En fait, n’est-ce pas là le vrai problème qui peut amener à jeter le doute sur l’historicité des récits de la Passion ? Si l’on considère que la résurrection est un mythe, l’abaissement qui y prélude est fort sujet à caution, et à l’inverse, si la résurrection est tenue pour un mystère réel, c’est l’histoire même de Jésus, dans sa factualité, qui est évangile. Un historien aussi peu suspect de dogmatisme que Jean Delumeau l’avait écrit jadis dans un article du Monde en 1978 : si le Christ n’est pas ressuscité, toute l’histoire chrétienne devient incompréhensible et se perd dans des hypothèses improbables. C’est donc un paradoxe que j’assume : la lecture historique des évangiles suppose que l’on donne crédit à la résurrection, à la réalité inexplicable du tombeau vide, de quelque façon qu’on la comprenne - en conformité avec le dogme, ou non, ceci est un autre débat. Et avec la résurrection, tout ce qui y conduit.
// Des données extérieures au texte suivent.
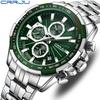 CRRJU New Watch 2305 Men's Watch Solid Stainless Steel with Six-pin Steel Strap Business Watch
J’accepte toutefois la critique de cette lecture « historiciste » des évangiles, à trois conditions. D’abord que l’objection ne soit pas de nature historico-critique : il ne sert à rien d’opposer hypothèse contre hypothèse sans être d’accord sur des critères communs de véracité, car nous avons tous des préjugés philosophiques ou théologiques qui les déterminent, dans un sens historique d’un côté, anhistorique de l’autre. Il faut savoir le reconnaître en toute tolérance, sans prétendre au consensus historique. Qu’il y ait un point de vue d’observation critique neutre pour examiner l’historicité des évangiles est un postulat épistémologique plus que douteux. Ensuite que l’on reconnaisse que les théories tenant les évangiles pour des concrétions lentes, sur deux générations, de documents et de traditions communautaires de fiabilité historique fragile sont tout aussi hypothétiques et incertaines, que les théories selon lesquelles les évangiles sont des œuvres historiquement documentées par des témoins oculaires. Enfin, s’il tient les récits de la Passion pour légendaires, totalement ou partiellement, que le contradicteur soit en mesure de rendre compte du processus combiné de fabrication et de diffusion d’une légende chrétienne sur une génération, avec le succès que l’on sait, sans l’appui d’aucune autorité constituée et dans la persécution. Autant que la résurrection de Jésus, l’expansion du christianisme est un fait mystérieux dont on peine à trouver la théorie explicative dans ce cadre. Mais pourquoi ne pas essayer.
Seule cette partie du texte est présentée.